Raw data ::
------------------------------
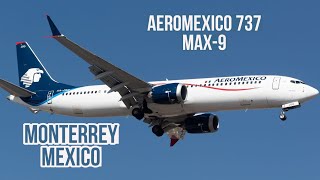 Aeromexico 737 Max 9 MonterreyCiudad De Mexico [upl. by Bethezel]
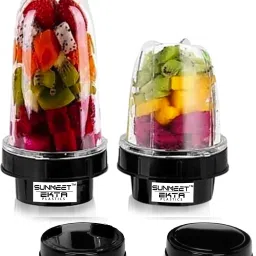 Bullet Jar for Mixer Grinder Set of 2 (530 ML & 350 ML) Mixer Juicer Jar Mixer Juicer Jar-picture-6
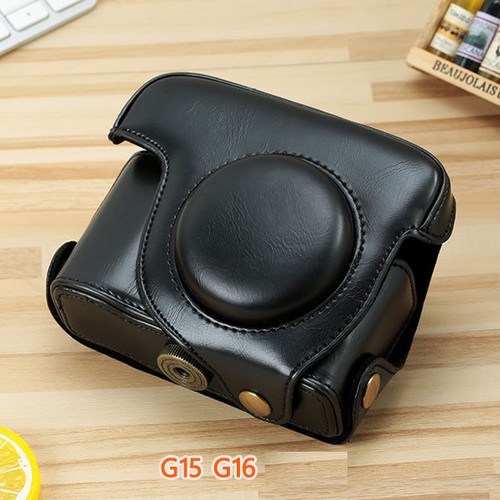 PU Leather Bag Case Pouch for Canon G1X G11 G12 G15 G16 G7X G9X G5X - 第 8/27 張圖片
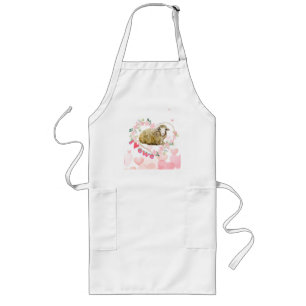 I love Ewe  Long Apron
------------------------------
What to work on ::
Output all of the data exactly as it stands, minus any images.

Exercise response ::
 Aeromexico 737 Max 9 MonterreyCiudad De Mexico [upl. by Bethezel]
 Bullet Jar for Mixer Grinder Set of 2 (530 ML & 350 ML) Mixer Juicer Jar Mixer Juicer Jar-picture-6
 PU Leather Bag Case Pouch for Canon G1X G11 G12 G15 G16 G7X G9X G5X - 第 8/27 張圖片
 I love Ewe  Long Apron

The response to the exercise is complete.